I've been hit with the jealousy monster lately. Know that feeling? You're doing your thing, content with the steps you've been making, when all of a sudden BAM--someone else's success knocks you down. Causes you to rethink everything you've ever done and everything you're currently doing. And wonder--why aren't I there yet?
That's where I am. That's where I've been. And man, is it hard to quell those feelings. Because I want to rejoice in others' successes! WANT to. But STRUGGLE to. For some reason, when I'm hit with others' successes, I suddenly fear there's now less of "it" to achieve. That they've got a portion of "it," making it harder for me to get "it" too.

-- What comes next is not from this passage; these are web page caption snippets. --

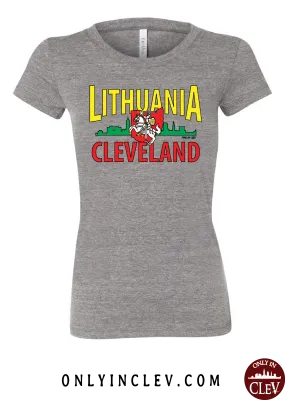 Cleveland Lithuania-Nationality Tee Womens T-Shirt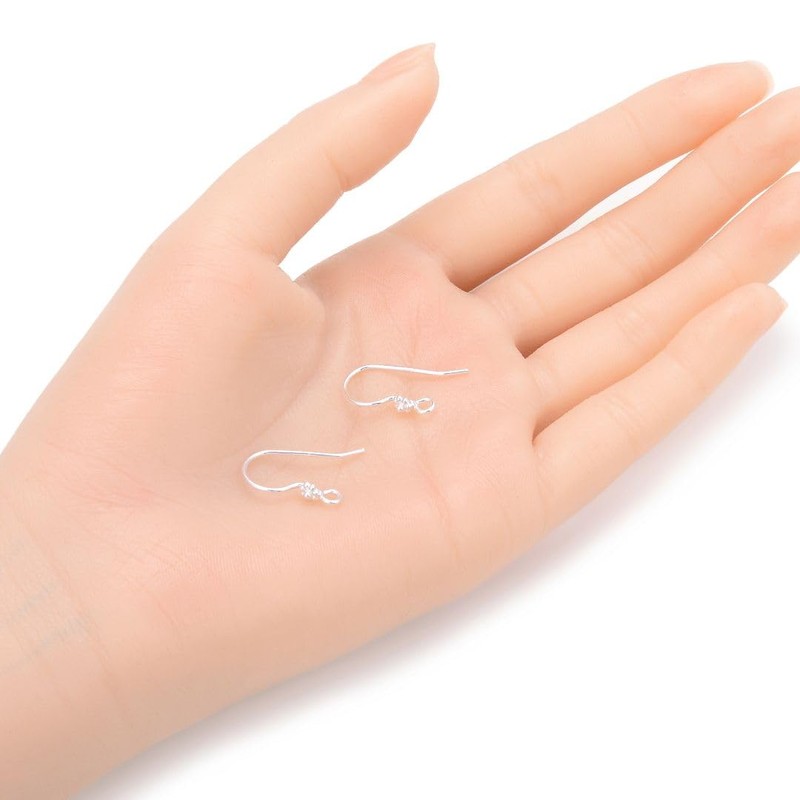 20pcs Sterling Silver Daisy Flower Earring Hooks Ear Wire Earwire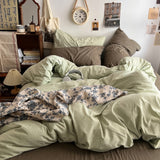 Roomtery Cottage Themed Green Tones Bedding Set, view 4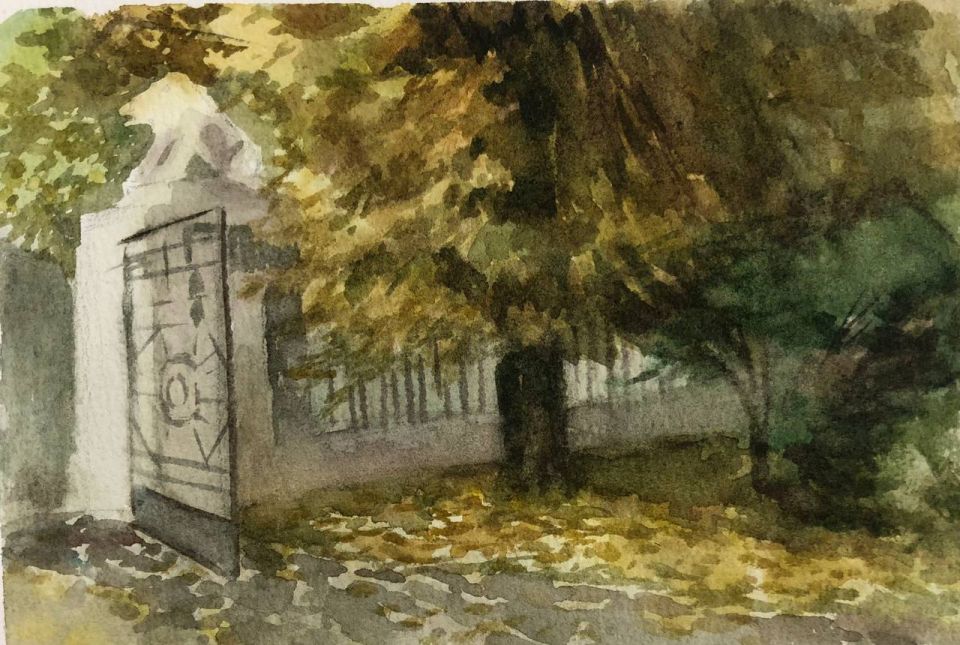 Красота осени в акварельных зарисовках!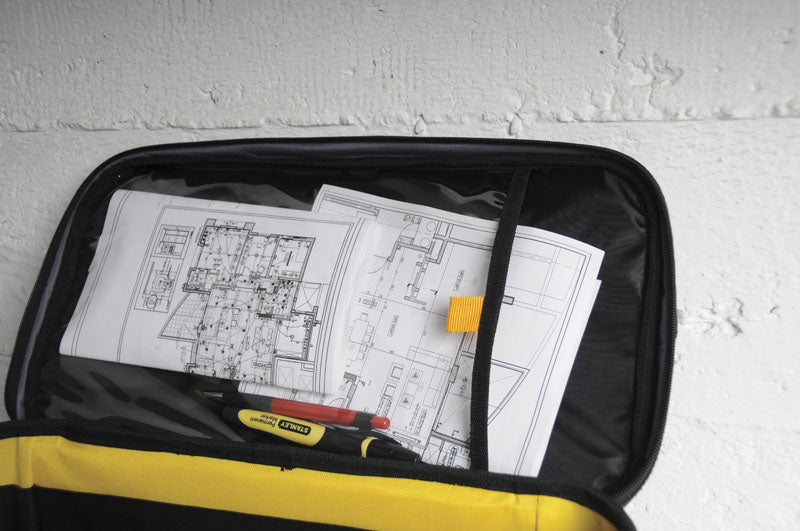 Stanley 1-96-193, bauletto porta attrezzi 16" in tessuto con fondo rigido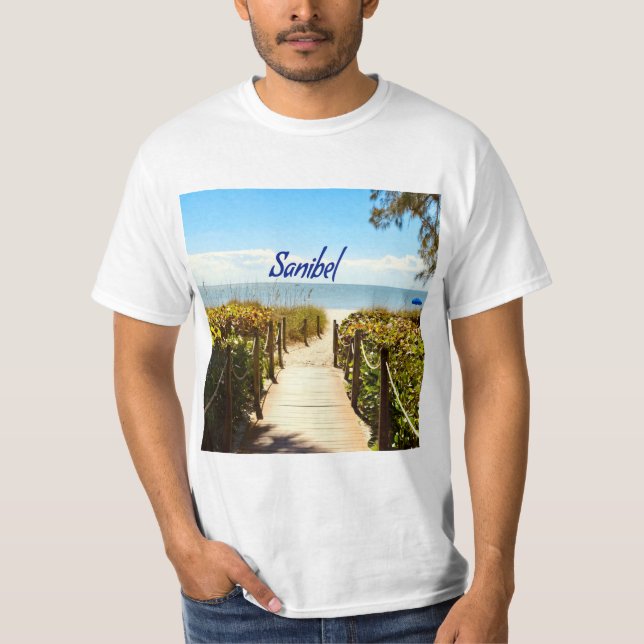Sanibel Island Florida Beach Ocean T-Shirt (Vorderseite)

But that's silly, isn't it? Success doesn't look like that. There's no limit to success. There's no elite that can only achieve it. There's no "some for you" and "none for others." Instead, there is hard work. Determination. Perseverance. And timing.
Timing can get you down. Timing is elusive and confusing. Timing is something you can't buy. Something you can't take a class in. Timing is mysterious. And I'm having to remind myself over and over again that even if it's not my time, that doesn't define my gifts. If it's someone else' time, that doesn't belittle my journey. Or my work. Or my talent. It just means it's their time. And I want to rejoice in that.
Anyone else struggle with this? I'd love to hear how we can lift each other up!